→ **RECORDS TO USE**:
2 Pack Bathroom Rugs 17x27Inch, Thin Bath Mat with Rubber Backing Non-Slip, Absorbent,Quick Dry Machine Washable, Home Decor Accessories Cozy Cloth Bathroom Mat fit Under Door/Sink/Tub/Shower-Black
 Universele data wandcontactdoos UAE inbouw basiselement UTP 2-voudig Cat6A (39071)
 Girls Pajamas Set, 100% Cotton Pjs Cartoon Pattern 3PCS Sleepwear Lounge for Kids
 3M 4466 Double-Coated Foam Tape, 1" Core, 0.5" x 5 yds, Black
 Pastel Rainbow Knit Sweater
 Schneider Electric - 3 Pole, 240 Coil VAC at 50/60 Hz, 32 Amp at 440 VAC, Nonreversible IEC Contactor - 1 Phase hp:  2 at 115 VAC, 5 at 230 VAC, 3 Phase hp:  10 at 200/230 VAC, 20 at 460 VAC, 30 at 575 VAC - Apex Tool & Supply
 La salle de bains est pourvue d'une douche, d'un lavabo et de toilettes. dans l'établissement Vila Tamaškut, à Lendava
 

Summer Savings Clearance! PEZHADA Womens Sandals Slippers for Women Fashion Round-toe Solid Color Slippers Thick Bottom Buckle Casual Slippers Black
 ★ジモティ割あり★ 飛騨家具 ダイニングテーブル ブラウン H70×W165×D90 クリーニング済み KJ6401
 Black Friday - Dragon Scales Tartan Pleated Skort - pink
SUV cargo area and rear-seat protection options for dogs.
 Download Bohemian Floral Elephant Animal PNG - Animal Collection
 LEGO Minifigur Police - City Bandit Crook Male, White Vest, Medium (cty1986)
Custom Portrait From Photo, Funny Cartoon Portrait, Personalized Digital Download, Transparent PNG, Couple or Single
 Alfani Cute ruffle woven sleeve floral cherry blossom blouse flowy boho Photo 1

→ **WHAT TO DO**:
Please print the records above exactly from their first line. End with the line containing "Schneider Electric - 3", and include it.

→ **THE ANSWER**:
2 Pack Bathroom Rugs 17x27Inch, Thin Bath Mat with Rubber Backing Non-Slip, Absorbent,Quick Dry Machine Washable, Home Decor Accessories Cozy Cloth Bathroom Mat fit Under Door/Sink/Tub/Shower-Black
 Universele data wandcontactdoos UAE inbouw basiselement UTP 2-voudig Cat6A (39071)
 Girls Pajamas Set, 100% Cotton Pjs Cartoon Pattern 3PCS Sleepwear Lounge for Kids
 3M 4466 Double-Coated Foam Tape, 1" Core, 0.5" x 5 yds, Black
 Pastel Rainbow Knit Sweater
 Schneider Electric - 3 Pole, 240 Coil VAC at 50/60 Hz, 32 Amp at 440 VAC, Nonreversible IEC Contactor - 1 Phase hp:  2 at 115 VAC, 5 at 230 VAC, 3 Phase hp:  10 at 200/230 VAC, 20 at 460 VAC, 30 at 575 VAC - Apex Tool & Supply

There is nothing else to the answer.